Karine Carvalho. Foto: Tarcísio Feijó/VICE.

“O Maloca não é só interessante para a cena local, mas também como uma forma de reverberar toda a arte cearense numa dimensão nacional”, diz Karine Carvalho, conhecida como Galega e que dividirá a apresentação do Porto Dragão Sessions com Camilo. “Eu mesma sou uma artista daqui e fui embora muito antes de existir o Dragão do Mar na cidade, porque nessa época o artista não tinha como sobreviver aqui. Hoje com o suporte do festival, ele pode permanecer na cidade como artista.”

Coro MC, da Barra do Ceará, se apresentou no show do Padero Mc ao lado de Nego Gallo e Frieza MC. Foto: Tarcísio Feijó/VICE.

Representando o rap de Fortaleza, o Padero MC fez uma apresentação animada para um público pequeno (porém fã) com participações de rappers da Costa Oeste da cidade, como Nego Gallo, Coro MC e Frieza MC. Padero foi bastante mencionado nos backstages do festival justamente por fretar ônibus para trazer pessoas de seu bairro para assistir o seu show.

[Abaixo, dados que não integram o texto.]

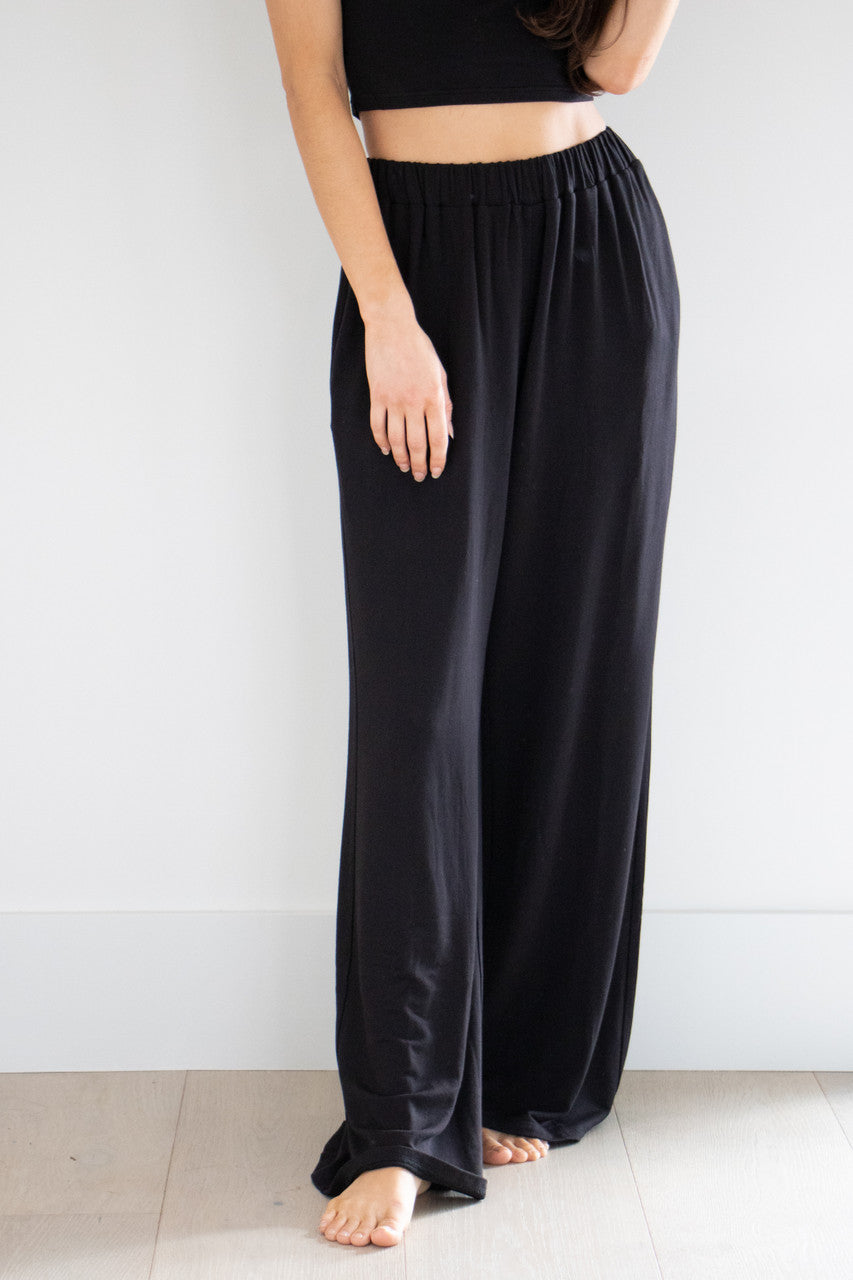 Comfortable, stylish, and a perfect pair - our new Sara Wide Leg Tank Set is the best choice for a well deserved lounge after your busiest day. A must-have basic to add to your collection, the fitted tank and relaxed pants can be worn together as intended or separated to compliment endless options in your wardrobe. Whether you're relaxing at home or wanting to keep comfortable running errands; the Sara Set is the ideal outfit.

“Essa é a primeira vez que faço show solo”, conta Padero, logo antes de entrar no palco Draga Dragão no dia 28 de abril. “Tive uma participação em 2016 com o coletivo Maloqueira e 2017 subi ao palco com o meu parceiro Carlos Gallo. Eu acho tão importante o festival em si, como acho importante as portas que se abrem para nós. Sempre briguei nas redes sociais por causa de deixarem os locais de lado e eu vejo que esse evento está abrindo as portas para todo mundo e isso é de suma importância”.